# Where is Finanças de Faro?



## AC1234 (Jul 13, 2018)

Hi All,
We are looking to move from Scotland to Algarve before Brexit and are about to cover the first step of obtaining NIFs and Bank Accounts. We need these to first obtain a property rental agreement.

We're doing a quick fly-in, fly-out in December and want to confirm we're going to the correct office in Faro. Given the stories of massive queues at Finanças, we don't want to waste any of the short time we have.

Can any member confirm the correct office in Faro to obtain an NIF is the Direcção de Finanças de Faro at R. Cmte. Francisco Manuel 3A, please?

Thanks, in advance.


----------



## MrBife (Jul 26, 2009)

There is certainly a Finances office at the location you give but I am not certain if they will do NIF application there. I have been there a few times in relation to IVA affairs and never found it busy but avoid 'coffee time' or 'lunch time' as it's not that well populated.

I would be much more confident of suggesting the new 'Loja de Cidadão' in the old market building in the centre of Faro which is am absolutely superb facility with all departments grouped in one place. Good parking and a surprising range of organisations. A quick phone call should verify which place is best.

https://www.portaldocidadao.pt/en/w...umero-de-identificacao-fiscal-pessoa-singular


----------



## AC1234 (Jul 13, 2018)

Thank you MrBife,

Looks like you've saved me a lot of running around.

You're a star.


----------



## MrBife (Jul 26, 2009)

You are very welcome and please let us all know how you get on, in order to help anyone else finding this info in the future


----------



## AC1234 (Jul 13, 2018)

*Faro Finanças Location*

As indicated by MrBife, I found the Faro Finanças office is indeed in the Mercado Municipal on Largo Dr. Francisco Sa Carneiro. However, I also found a few things that could be useful to others looking to obtain an NIF or use other Finanças or SEF services...

Firstly, although in the same building (and on the same floor) the Finanças office is separate from the Loja de Cidadão de Faro. If you need services such as SEF then you need to go to the Loja de Cidadão. The easiest way to find it is to enter from the R. Dr. Cândido Guerreiro entrance and head up the escalator/stairs as you go in. These take you to a bridge. 
Turn left and cross the bridge. The entrance to the Loja de Cidadão is in front of you. It opens at 08:30 but the queue was already across the bridge when I got there at 08:20, so I suggest getting in early if you don't want to get stuck in line. As you go into the office, turn left for SEF etc. I was told to turn right for Finanças, which actually took me out of the Loja de Cidadão office again. Hence, there's a simpler way to get directly to Finanças without going through the Loja de Cidadão door (or queue)...

For Finanças, stay on the ground floor as you enter the market building.
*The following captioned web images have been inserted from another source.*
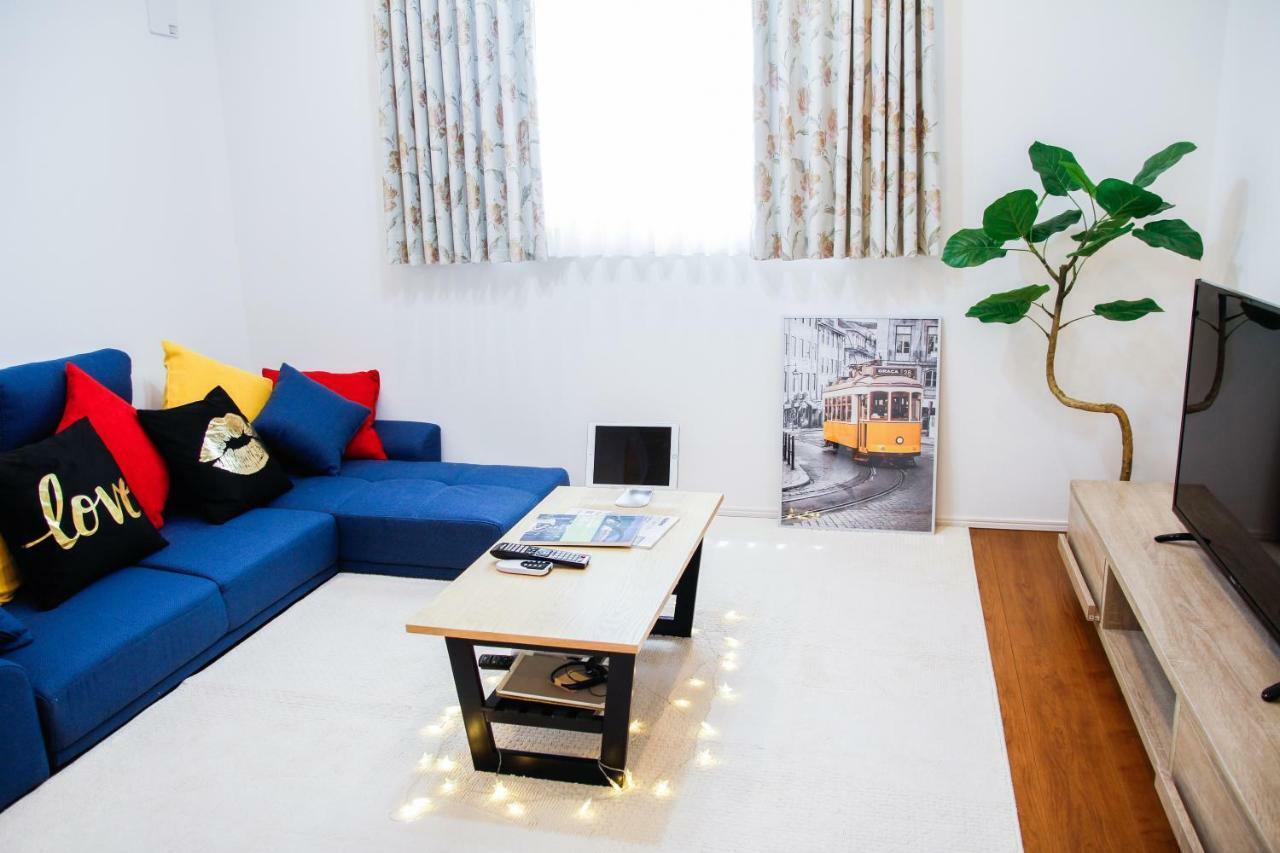 Alo Bnb 5 - Near Nippori, Sendagi, Yanaka Ginza - Self Check-In Tokio Buitenkant foto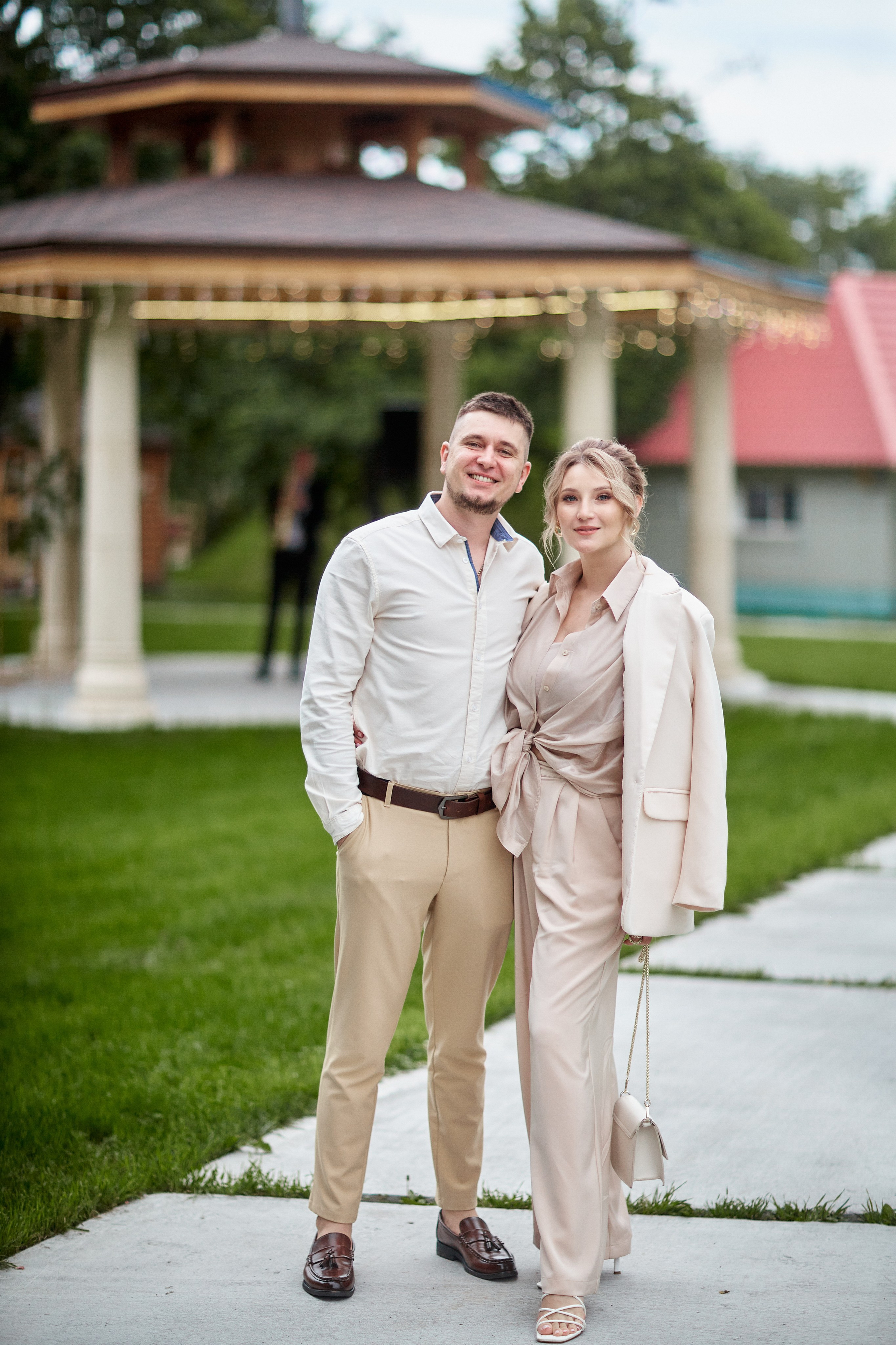 Кирилл + Лора. Свадебный фотограф на Камчатке Ян Панов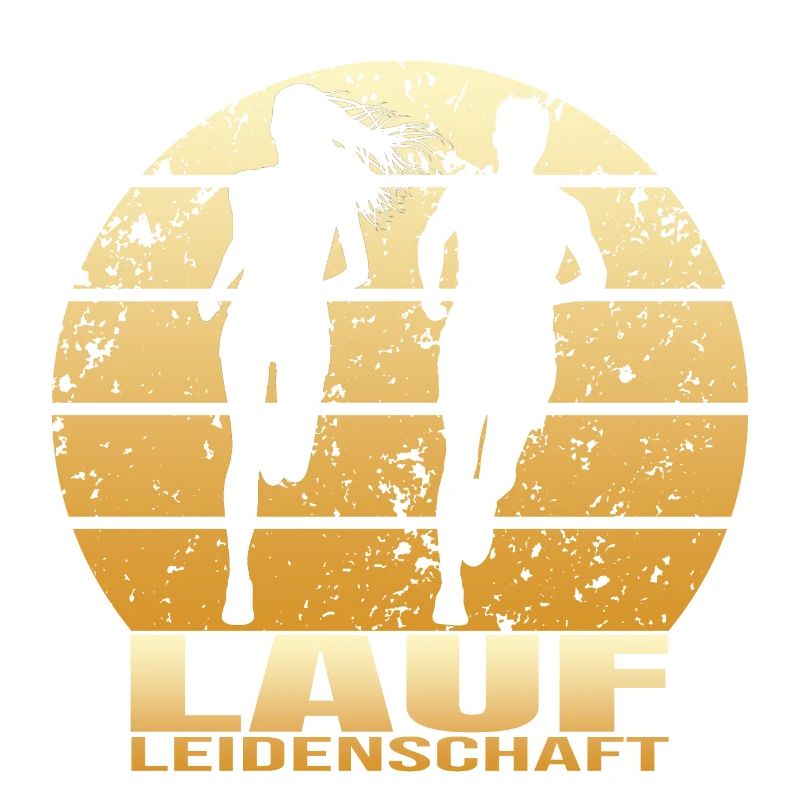 Lauf Leidenschaft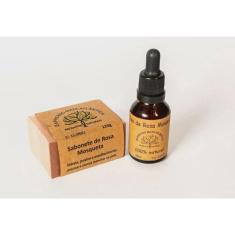 Imagem de Kit Óleo e sabonete Rosa Mosqueta da Expresso Mata Atlântica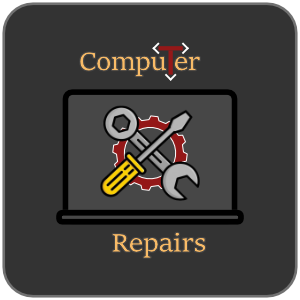 Local Computer Repair Services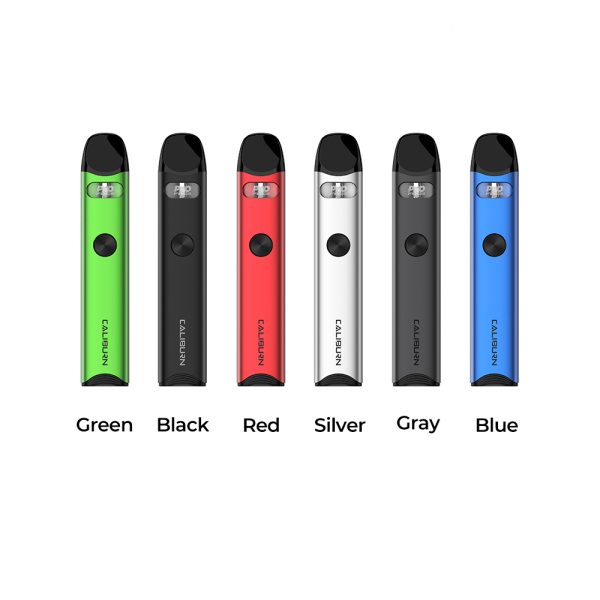 Uwell Caliburn A3 Pod System
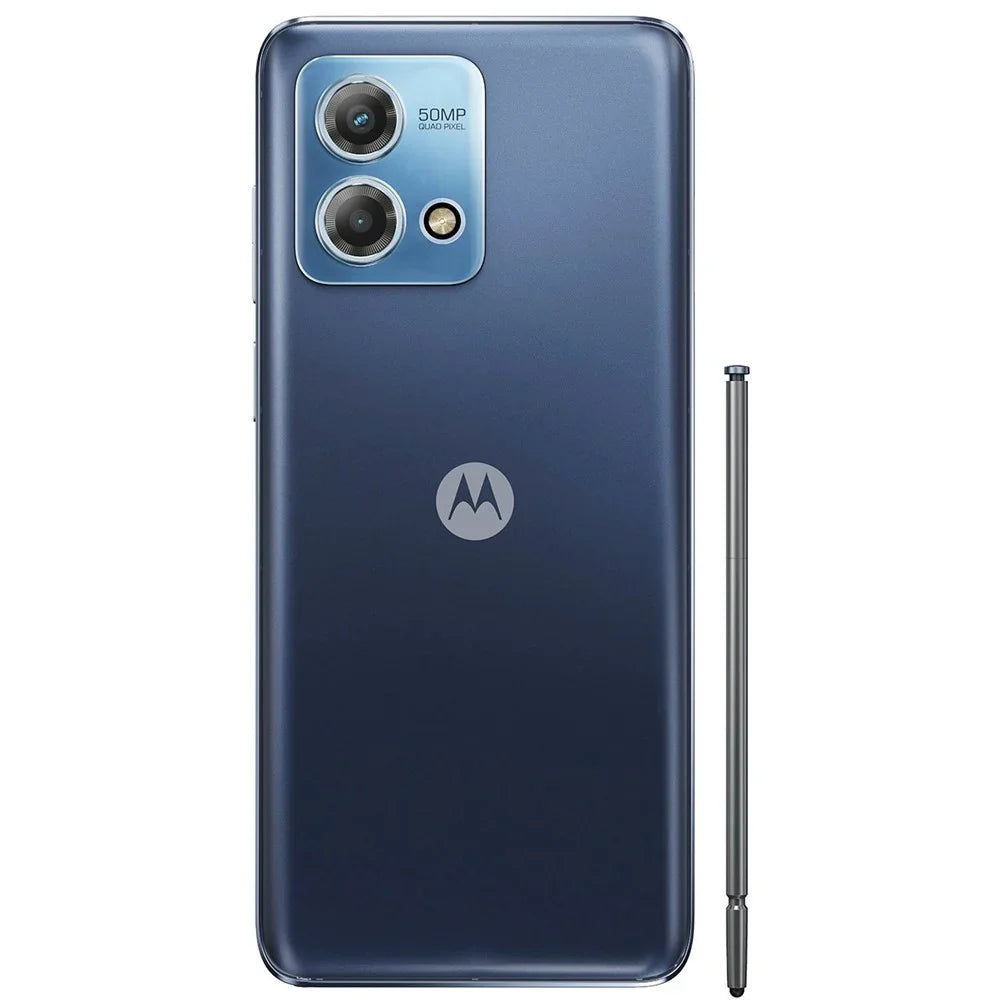 Moto G Stylus 2023 (128GB, 4GB) 6.5" GSM Unlocked Global 4G LTE XT2317-3 (Excellent - Second-hand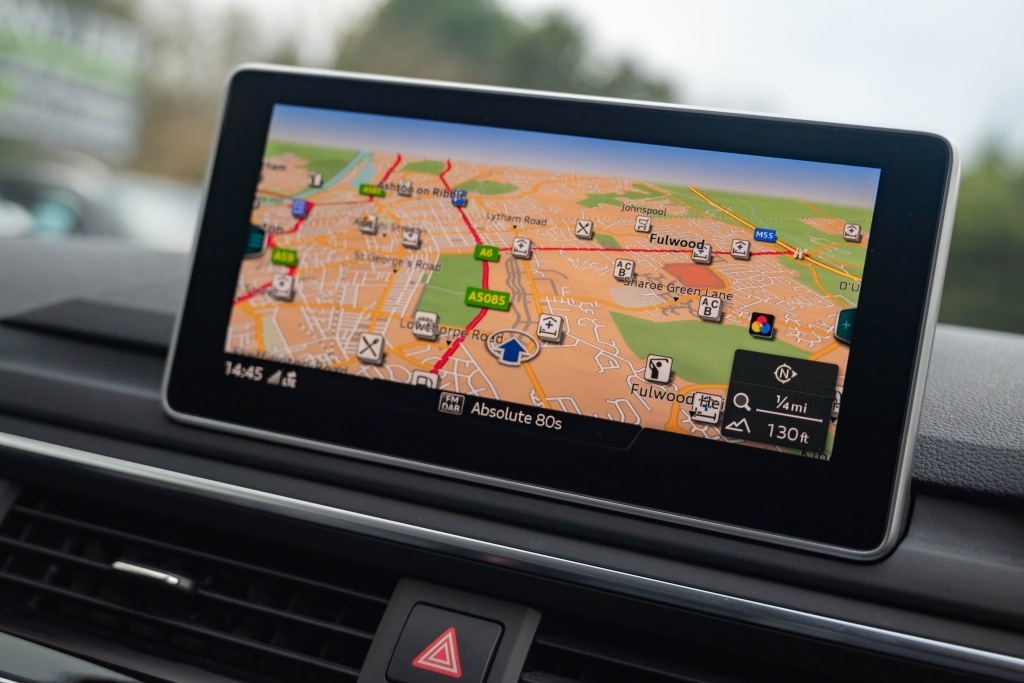 Used Audi A5 2019 for sale - 77251447: Photo 2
From the R. Dr. Cândido Guerreiro end, turn right (instead of going up to the bridge) and walk around the side of the market until you get to a lift on your right. Take this lift to Floor 1. As you exit the lift (you exit on the opposite side from where you entered) turn right and the Finanças office is on your right.
Although the Loja de Cidadão office opens at 08:30, Finanças don't open until 09:00. There was only one other person (who obviously knew the shortcut) waiting when I arrived just after 08:30, so the demand seems to be less for Finanças - although it still got busy quite quickly afterwards.

When choosing a ticket option from the queuing machine, you need option E for an NIF. This is labeled Pagamentos.

If you're lucky everything will go swimmingly. When I was there, the link to the National computer for issuing NIFs went down and it took me 4 hours before finally getting the all important number. If you need an NIF for your child, you will need to take a birth certificate to prove they are in fact your child too.

A notable point is the cost. I thought the NIF was free, but Finanças charged me €10.20 for it. Not a high cost, but higher than I was expecting.

Finally, nobody I spoke with in Finanças claimed to speak English. Although I have my doubts over one person, who managed to slip into some very well arranged English sentences, you should expect to meet with a fully Portuguese conversation. Given you're in Portugal, this shouldn't be a surprise. But other posts have talked about how helpful some Finanças officials have been with speaking English, so I feel it is relevant to mention this here.

That's it. Hopefully some of the above will be of use to readers needing to deal with either Finanças or SEF in Faro. 

Good luck.


----------